Todos los duelos, el duelo
Poesía. El nuevo libro de Liliana Lukin, Como se lleva a un niño, ahonda en la despedida de la persona amada.
A veces las palabras son capaces de abrigar la presencia de lo que ya no está, al tiempo que revelan algo de lo imposible. Nunca más se podrá restituir lo que se invoca, lo que la letra trae como una conmoción, una sangre de tinta donde resuena el peso, la voz, el cuerpo de lo ausente. Es ese filo, es esa paradoja, la que transitan los versos de este libro: restituirnos algo desaparecido a partir de la inscripción de su ausencia, y hacer de esa inscripción otra forma de presencia. Ese espejeo es como un brillo que revela dónde está lo que no está. Y no es porque la voz de estos poemas se aferre a las palabras como sustitución de lo perdido o redención alguna, por el contrario: “Nada carnal vuelve ya en el aire que respiro (…)/ Esta escritura ha elegido protegerme:/ escribo estos poemas para no olvidar, pero pongo/ mis manos en su nombre, en lugar de ponerlo entero/ -entre mis manos, frente a mí-”.
De eso se trata, de ir tramando una forma de sobrellevar, mejor dicho, de alojar una ausencia definitiva, la muerte del amado, del mejor modo posible, el que se va ensayando, inventando cada día, o como dice la cita de Jaques Derrida que da título al libro: “hay que llevar el duelo como se lleva a un niño”.
Liliana Lukin viene construyendo –a través de libros como Descomposición, Cortar por lo sano, Carne de tesoro, Retórica erótica, Construcción comparativa y El Libro Del Buen Amor, entre otros– una poética donde el cuerpo, el erotismo y el juego de los simulacros, la dinámica del deseo, se formulan de forma calibrada, precisa, límpida, con una intensidad que no teme exhibir sus turbulencias, sus contradicciones. En un libro anterior, Ensayo sobre la piel, el desmoronamiento que trae la decadencia física era narrado en tiempo presente, a través de la crónica de los días del acompañamiento de la enfermedad irreversible de un hermano. Como se lleva a un niño, en cambio, comienza cuando el final –del compañero de vida en este caso– ya ha sucedido. Podría pensarse que ambos libros habitan la continuidad de los finales; el oxímoron –uno de los recursos que la autora suele utilizar en su poesía– es uno de los modos de decir la “presencia de lo ausente”, el duelo que habilita despedirse de la persona amada.

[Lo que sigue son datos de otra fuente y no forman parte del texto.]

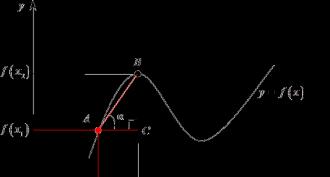 Výpočet derivácií mocninových exponenciálnych funkcií Derivačná exponenciálna funkcia a na mocninu x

Es en este sentido que la muerte de este libro precipita de un golpe algo que estaba inscripto en el proceso de la enfermedad del anterior: la imposibilidad creciente de reconocer al ser que conocimos, que se va convirtiendo en otro y en otra cosa. La que ha quedado huérfana, intenta retener de alguna forma esa antigua presencia: “Él es más fragmentos de reflexión sobre el vacío, / escenas de su tránsito, actos que lo describen, / que una boca, una piel, un modo de aparición / -de la ternura de los cuerpos”. En ambos casos, hay un desgarramiento que instala la pregunta entre la identidad y lo ajeno, en el hilo capaz de resistir a la disolución, de volver a encarnar aquello que sentimos, y que supimos cierto como cuerpo, como un tono de voz.
Volver a ver dibujos, a recordar escenas, “el archivo del amor que se volvió visual”, ponerse su camisa o su bata, “como si lo llevara puesto,/ mi doble, superpuesta piel” o volver a escuchar un mensaje guardado en el teléfono, son formas de “acercarte tanto a una idea como a mí”. Modos de conjugar la muerte, la muerte como verbo, porque esta sigue actuando en lo que queda de lo que se fue. Y dejar que la muerte trabaje, eludiendo la manipulación tranquilizante, no es un regodeo en el sufrimiento, sino la condición primera de regeneramiento, una apuesta a la continuidad de la vida, como apunta otra de las citas del libro, en este caso de Heiner Müller: “Para que algo ocurra, algo debe partir. / La primera figura de la esperanza es el miedo, / la primera aparición de lo nuevo es el espanto”.